■ YOUR TASK ■
Your output should be the complete listing, word for word, with no pictures in it.

_____

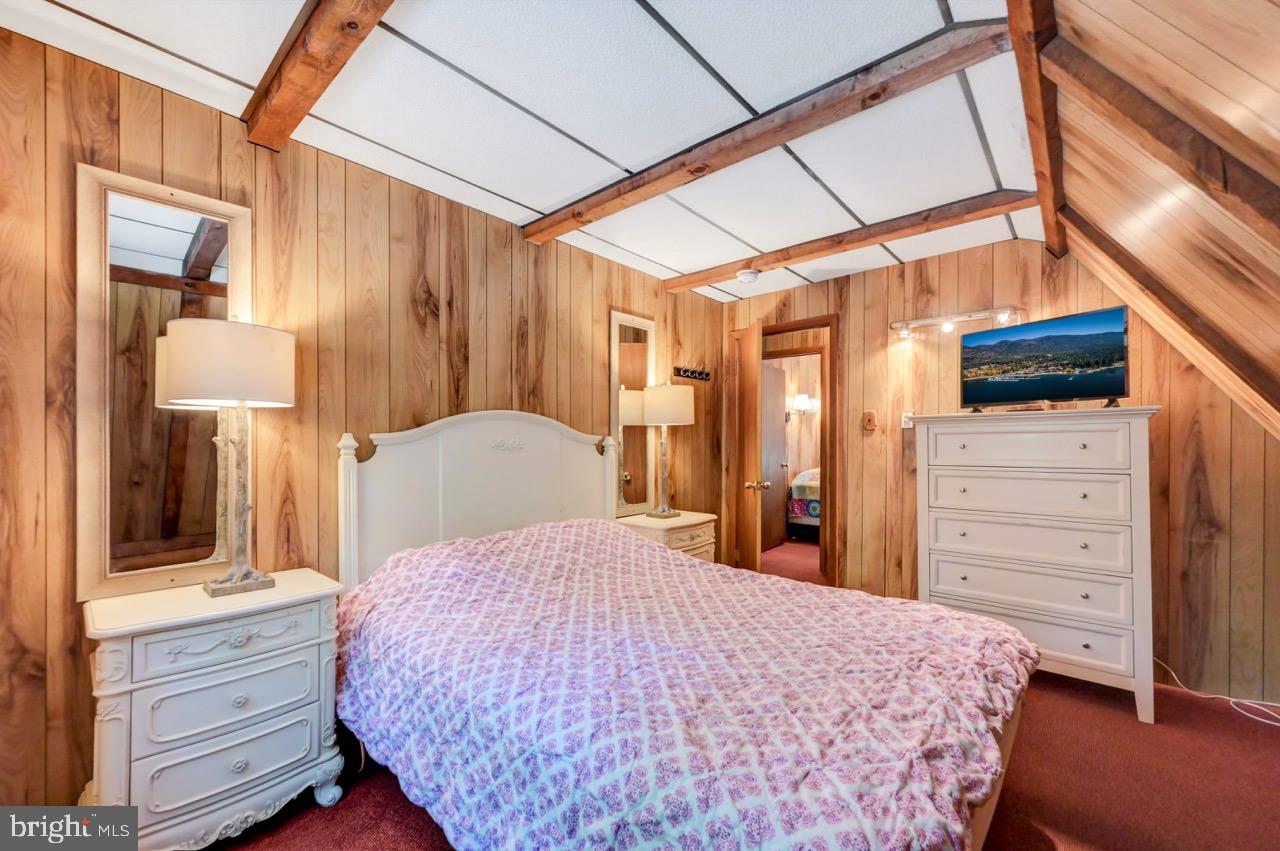 PLEASANT VALLEY ESTATES - Residential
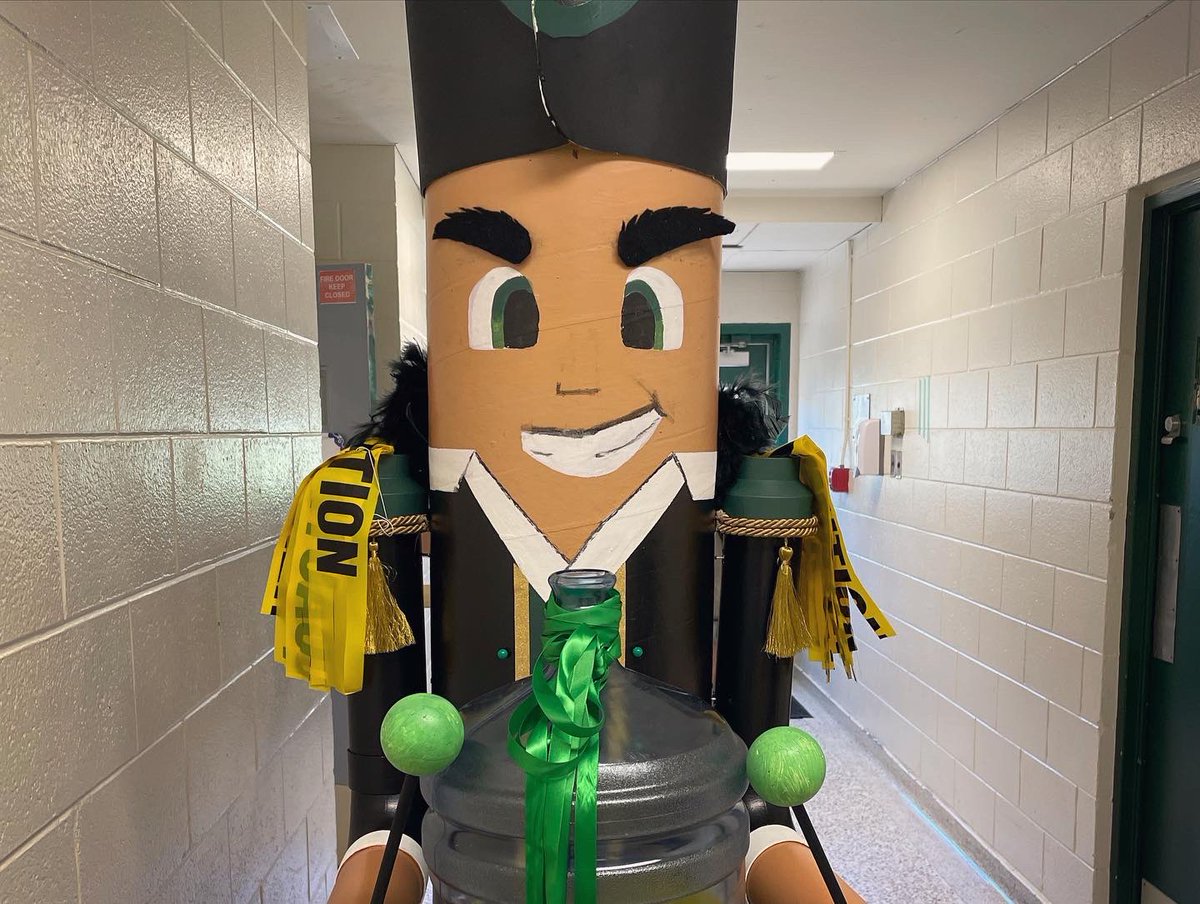 katrysings's tweet photo. @SecordPatriots are ready to MAKE SOME NOISE tomorrow at the Grape and Wine parade! Come and cheer us on 📣 @dsbn https://t.co/iFxBkQHCrz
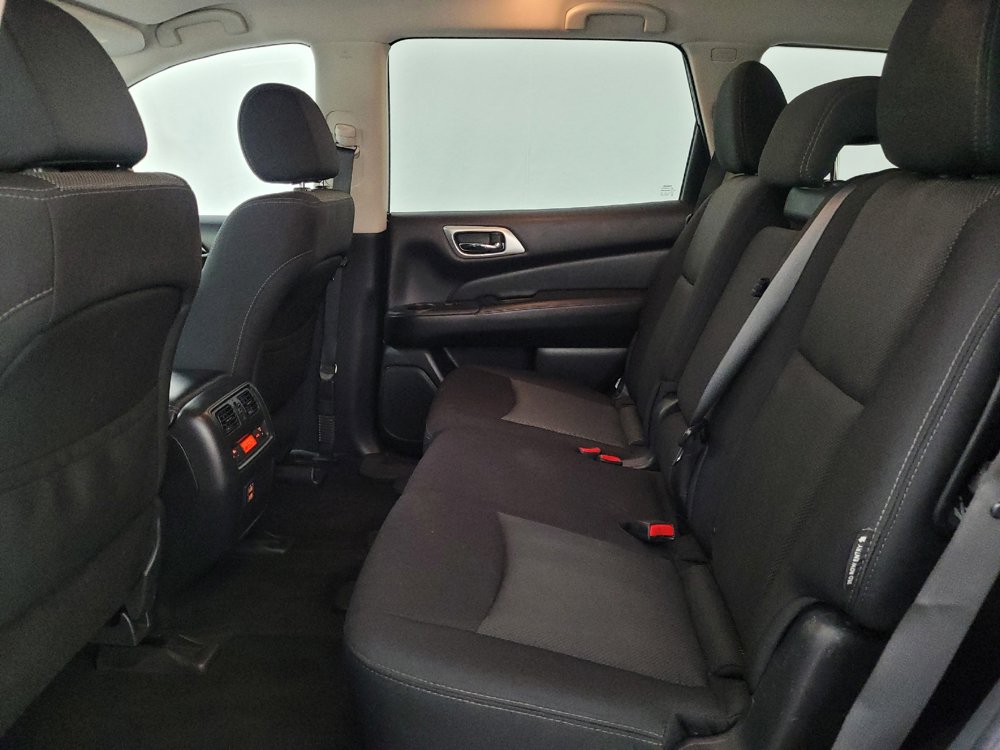Used 2018 Nissan Pathfinder SV AWD/4WD image 18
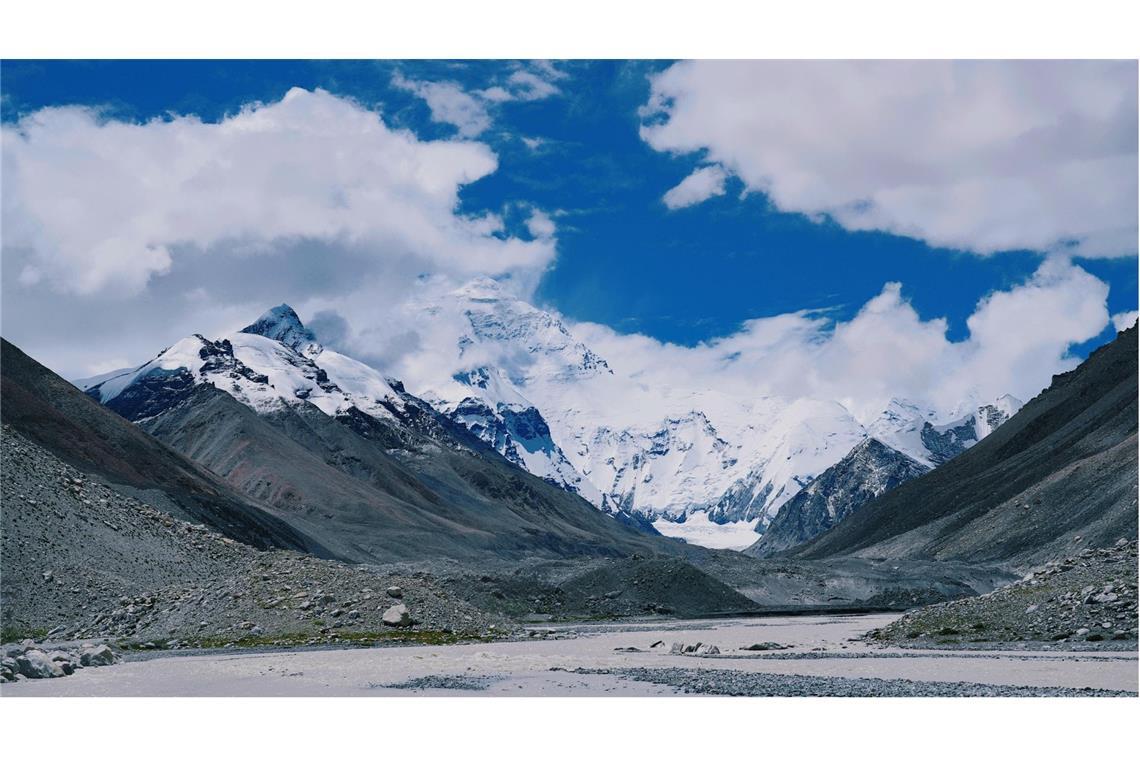 Der Mount Everest mit dem Arun River im Vordergrund.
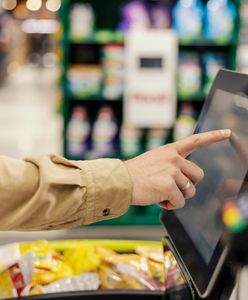 Takie zachowanie klienta to kradzież. Lidl i Biedronka ostrzegają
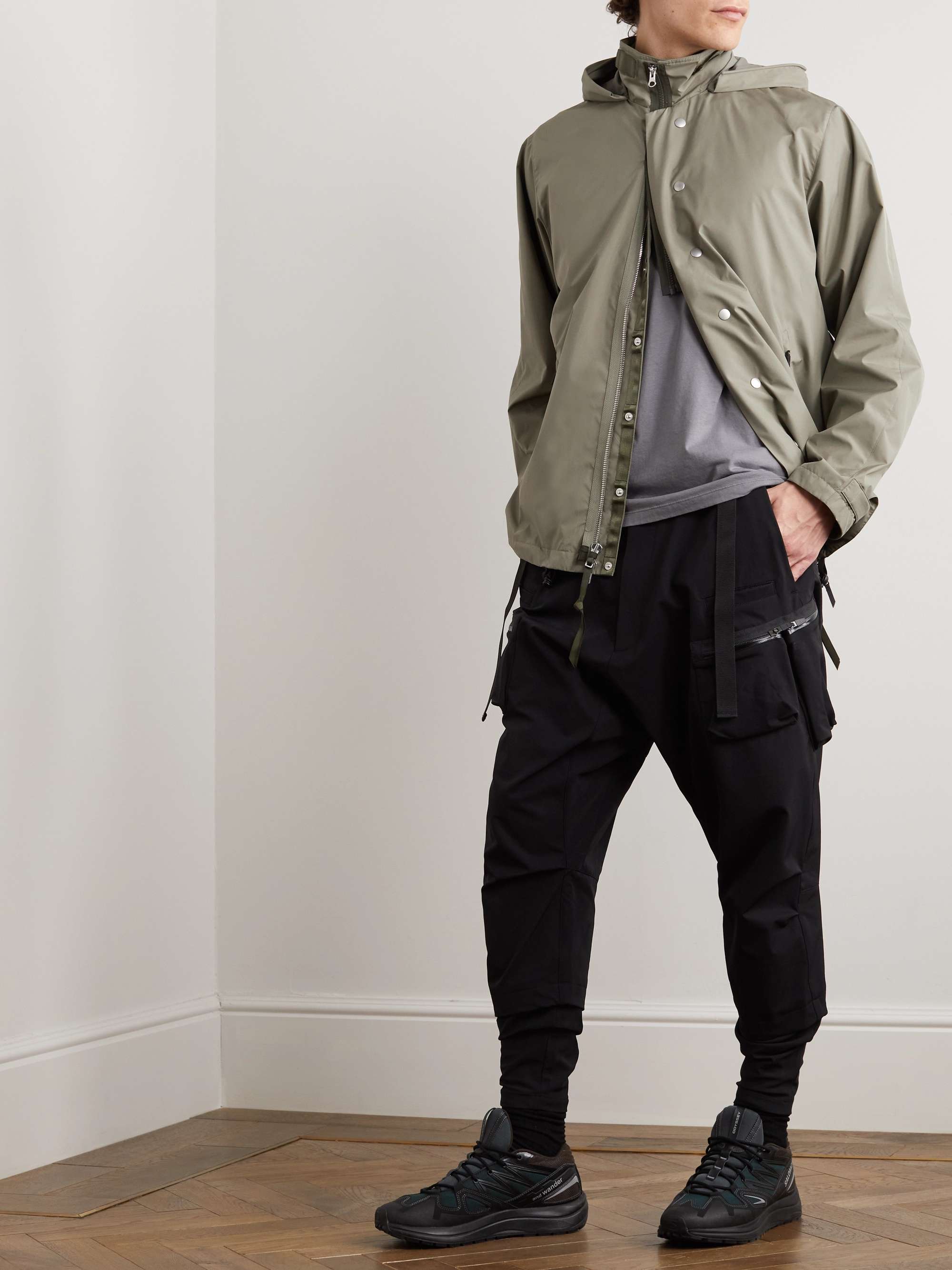 J119 2L GORE-TEX INFINIUM™ WINDSTOPPER® Hooded Jacket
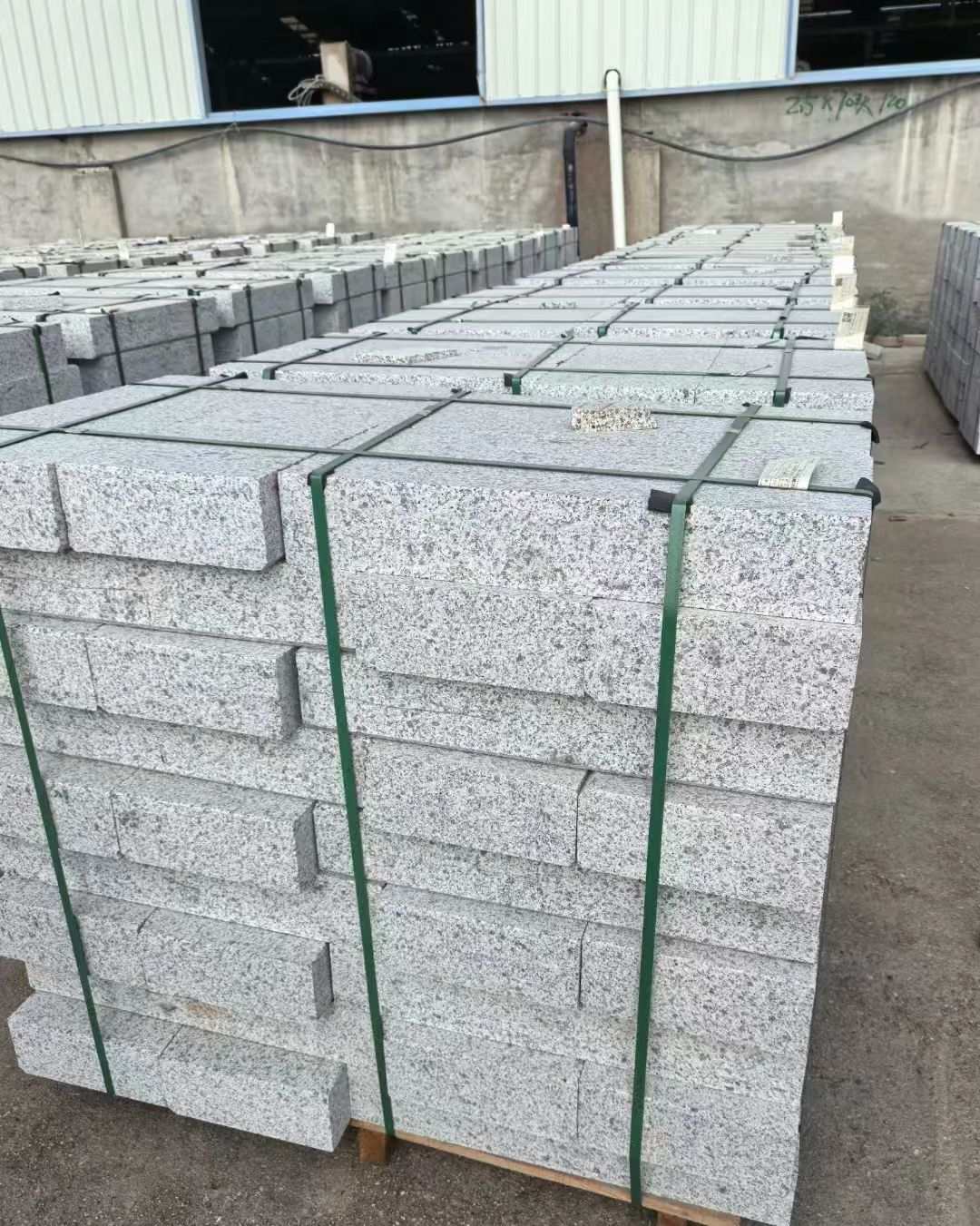 毕节 白麻花岗岩路沿石，弧形路沿石，道牙石，马路牙子，界石，路缘石，平沿石，直岩石，平缘石等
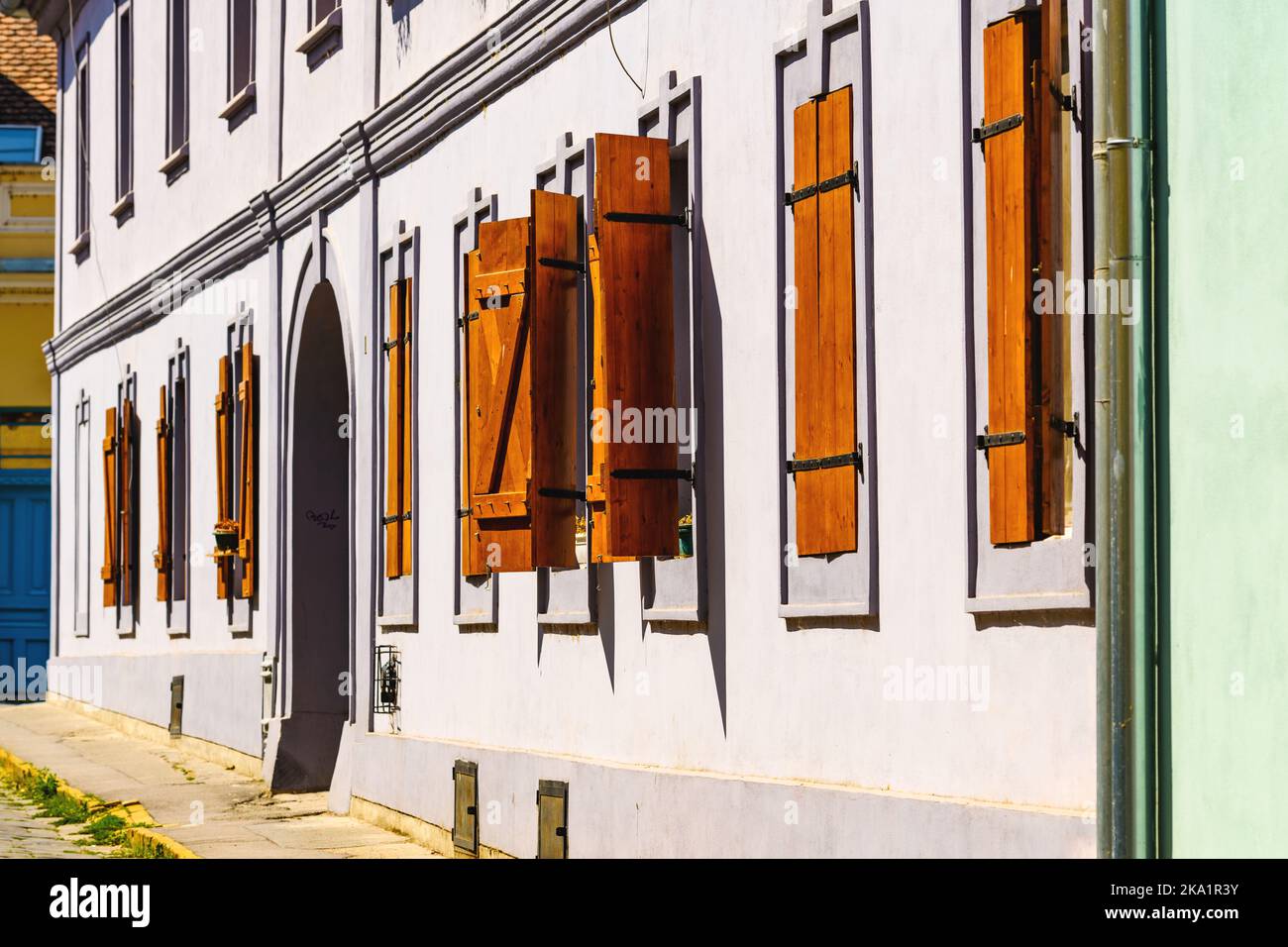 Architektonisches Detail der Innenstadt von Petrovaradin, der historischen Stadt und eines Teils der Stadt Novi Sad in der serbischen Provinz Vojvodina Stockfoto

_____

■ EXPECTED OUTPUT ■
 PLEASANT VALLEY ESTATES - Residential
 katrysings's tweet photo. @SecordPatriots are ready to MAKE SOME NOISE tomorrow at the Grape and Wine parade! Come and cheer us on 📣 @dsbn https://t.co/iFxBkQHCrz
Used 2018 Nissan Pathfinder SV AWD/4WD image 18
 Der Mount Everest mit dem Arun River im Vordergrund.
 Takie zachowanie klienta to kradzież. Lidl i Biedronka ostrzegają
 J119 2L GORE-TEX INFINIUM™ WINDSTOPPER® Hooded Jacket
 毕节 白麻花岗岩路沿石，弧形路沿石，道牙石，马路牙子，界石，路缘石，平沿石，直岩石，平缘石等
 Architektonisches Detail der Innenstadt von Petrovaradin, der historischen Stadt und eines Teils der Stadt Novi Sad in der serbischen Provinz Vojvodina Stockfoto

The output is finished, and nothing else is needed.